Why should I have mixed feelings? I finished my last semester of grad. school with two A’s, got a job right after graduation, when I know many people don’t get jobs for years after their graduation. And it’s in my field no less. My job is relaxed (for the moment; I have been assured that it will get stressful as time moves on), I work with great people, and I have a great environment. Literally there is nothing to complain about. Aside from boredom, but that is easily alleviated. I have so much I am thankful for, and God has blessed me so much.

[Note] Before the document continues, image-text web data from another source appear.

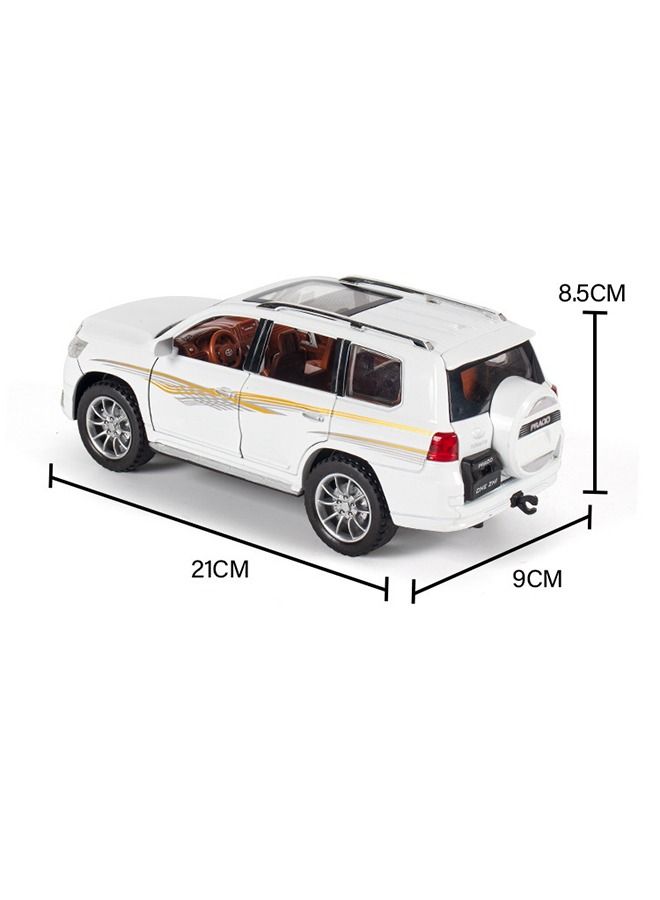 Toyota Prado Die-cast Model Car Toy 21x9x8.5cm - Image 4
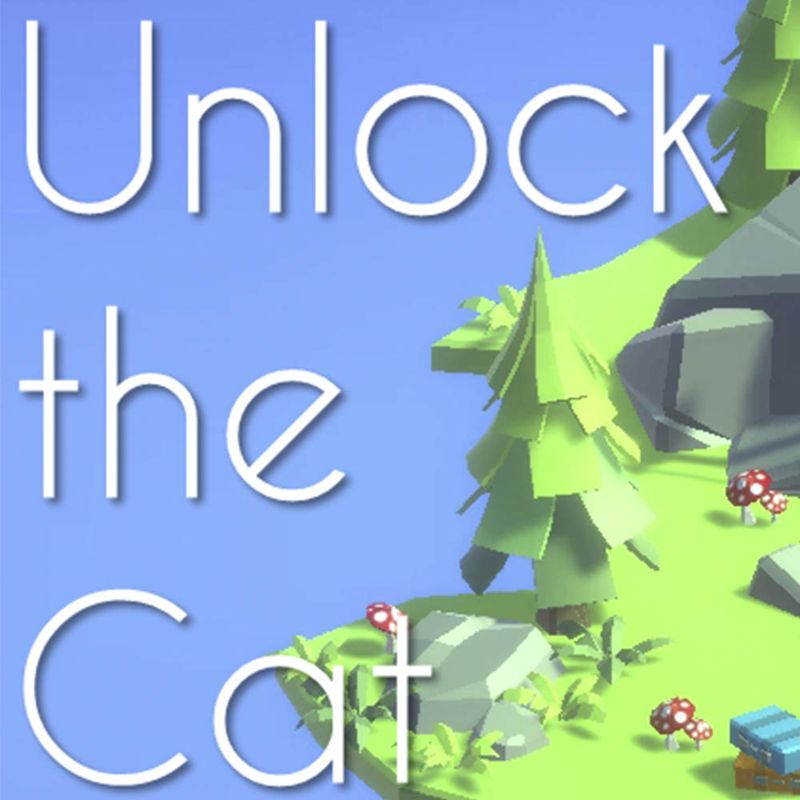 Front Cover for Unlock the Cat (Nintendo Switch) (download release)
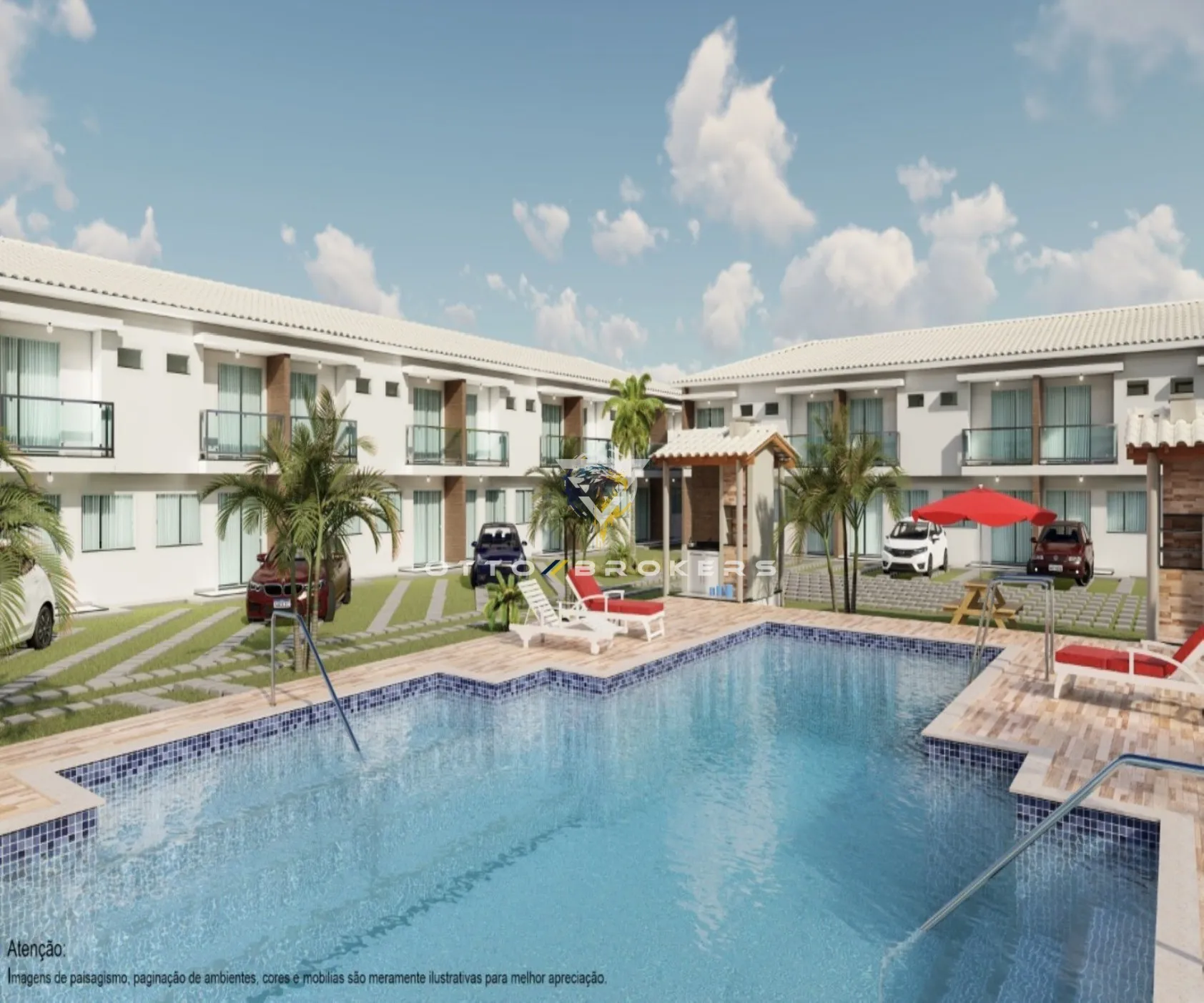APARTAMENTO RESIDENCIAL em SANTA CRUZ CABRÁLIA - BA, nova cabrália em nova cabrália, SANTA CRUZ CABRÁLIA - BA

And yet I still have mixed feelings. There is a part of growing up adults don’t warn you about and kids never expect. There’s a certain amount of discomfort that is almost undefinable that a friend of mine recently recognized. There comes a point in every child’s life when, after spending long periods of time away, they come back to what has been home for all their life and suddenly realize that that place isn’t home anymore. And it has nothing to do with the people. Their families still treat them exactly the same. It’s just that they don’t fit there anymore. And the place where they’ve been is where they fit, where they belong. But what about when their time is up at that place and they officially don’t belong there anymore? Suddenly (or not-so-suddenly, because they’ve known this would happen for four years—or in my case, six), they need to find a new place to fit. A new place to belong. And making a new place can be scary. And sometimes it doesn’t work. And sometimes they still don’t fit. And there are people who get left behind. People they’ve loved for so many years that there’s a good chance they will never see again. People they fear they might forget.

When I graduated with my undergrad., I listened to one song over and over again—”We Have Had the Time of Our Lives,” by Tyrone Wells:

The hardest part is when you know all of these years when we were here are ending, but I’ll always remember we have had the time of our lives. But now the page is turned, the stories we will write—we have had the time of our lives, and I will not forget the faces left behind. It’s hard to walk away from the best of days, but if it has to end, I’m glad you have been my friend in the time of our lives.

The same song comes back to me now.

Even as there are things that I regret, that I’ll miss, or that will never be the same, I know that Frodo was right. There is no going back again. But I don’t really want to go back at all. I just want to take the best things that I have to leave behind with me into this next stage of my life, because I want all of my friends to be with me on this adventure, too. I’m writing a new stage of my life, and it is good.